Start of Block

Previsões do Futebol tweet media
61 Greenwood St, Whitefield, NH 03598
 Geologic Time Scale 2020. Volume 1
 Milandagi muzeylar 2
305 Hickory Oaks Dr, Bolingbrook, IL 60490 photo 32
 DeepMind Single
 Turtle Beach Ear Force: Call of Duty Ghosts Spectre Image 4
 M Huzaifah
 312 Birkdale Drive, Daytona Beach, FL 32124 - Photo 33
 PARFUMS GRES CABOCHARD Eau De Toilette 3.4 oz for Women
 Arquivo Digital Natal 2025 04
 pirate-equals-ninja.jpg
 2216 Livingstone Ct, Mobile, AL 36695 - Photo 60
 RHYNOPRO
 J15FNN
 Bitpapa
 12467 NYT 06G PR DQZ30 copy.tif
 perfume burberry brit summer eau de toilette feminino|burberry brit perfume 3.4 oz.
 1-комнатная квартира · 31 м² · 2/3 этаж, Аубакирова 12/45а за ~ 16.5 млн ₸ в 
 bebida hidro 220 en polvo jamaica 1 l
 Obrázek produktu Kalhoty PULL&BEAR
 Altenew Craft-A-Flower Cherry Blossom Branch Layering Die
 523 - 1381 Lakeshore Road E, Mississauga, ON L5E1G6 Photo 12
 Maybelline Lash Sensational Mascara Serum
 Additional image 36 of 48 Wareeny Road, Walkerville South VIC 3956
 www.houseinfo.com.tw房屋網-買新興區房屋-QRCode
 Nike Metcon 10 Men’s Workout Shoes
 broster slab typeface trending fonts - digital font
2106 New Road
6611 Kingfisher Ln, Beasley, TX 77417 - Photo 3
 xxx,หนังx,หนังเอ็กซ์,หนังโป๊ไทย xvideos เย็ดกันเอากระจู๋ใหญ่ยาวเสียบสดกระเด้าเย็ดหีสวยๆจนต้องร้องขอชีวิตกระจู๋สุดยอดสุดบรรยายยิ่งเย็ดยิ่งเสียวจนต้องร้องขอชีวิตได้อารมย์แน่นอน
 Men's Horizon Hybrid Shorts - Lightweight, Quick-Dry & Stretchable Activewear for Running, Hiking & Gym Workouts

End of Block

When you repeat the lines, start with the first line of the material and end with the line that contains "312 Birkdale Drive, Daytona", keeping both and reproducing each exactly, with nothing added.

**RESULT FOR THIS EXERCISE**.
Previsões do Futebol tweet media
61 Greenwood St, Whitefield, NH 03598
 Geologic Time Scale 2020. Volume 1
 Milandagi muzeylar 2
305 Hickory Oaks Dr, Bolingbrook, IL 60490 photo 32
 DeepMind Single
 Turtle Beach Ear Force: Call of Duty Ghosts Spectre Image 4
 M Huzaifah
 312 Birkdale Drive, Daytona Beach, FL 32124 - Photo 33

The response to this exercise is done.